13

579 49 7
                                    

Suara instruksi dari airport announcer menggema, Phuwin menggenggam tangan lelaki kecilnya dengan kuat. Mereka melangkah pelan keluar sedikit demi sedikit meninggalkan area bandara, tak sedikitpun lelaki manis itu menampilkan wajah sedih. Tak peduli seberapa bingungnya Leon, dia masih membisu enggan berucap sepatah katapun.

"Mommy..."

Phuwin sedikit menunduk, memperhatikan wajah sedih itu tak kuasa lagi. "Kenapa sayang?"

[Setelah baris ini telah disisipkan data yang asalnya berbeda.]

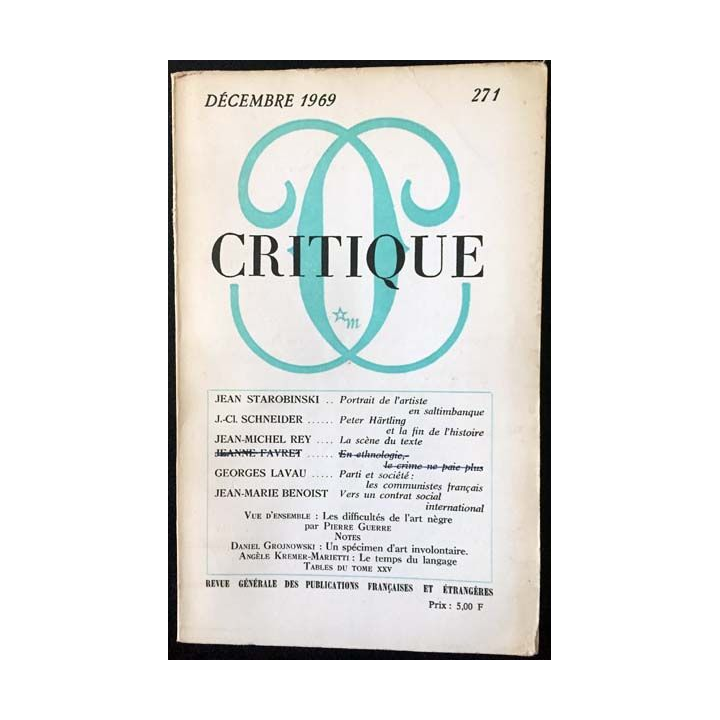 1. Critique n°270 Revue générale des publications françaises et étrangères Novembre 1969 aux éditions de Minuit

"Kenapa kita pergi jauh sekali?"

"Jauh? Ini dekat"

Leon menggeleng, mengedipkan kelopak matanya yang mulai memanas "ini jauh sekali, kita sudah lama di atas langit. Dan sekarang Daddy pasti khawatir, dia juga merindukan kita"

Keheningan panjang.

Phuwin mendudukkan diri agar lebih sejajar pada si kecil, matanya tulus penuh rasa haru dan harapan yang luas. "Percayalah nak... Segalanya akan berjalan, sepatutnya berjalan, dia tetap akan berjalan"

"Mommy... Apa kau terluka?"

Senyum tipis, air mata sedih itu tanda kejujuran pasti "maafkan Mommy, kita harus tetap disini"

Leon kecil memeluk erat, wajah hanya kepala orang dewasa yang sanggup masuk dalam rengkuhannya, tak pernah masalah. "Jangan menangis lagi, Mommy tak pernah sendirian, Leon ada disini..."

"Maafkan Mommy, maaf..."

Sejuta rasa bersalah, tak akan pernah bisa membayar hidup bahagia yang kini ia dapatkan. Leon tak berhenti mengukir senyum, mengucap syukur yang banyak saat sosok manis kesayangannya terus menangis "kebahagiaanku tak pernah berkurang sedikitpun, selama Mommy masih ada disini"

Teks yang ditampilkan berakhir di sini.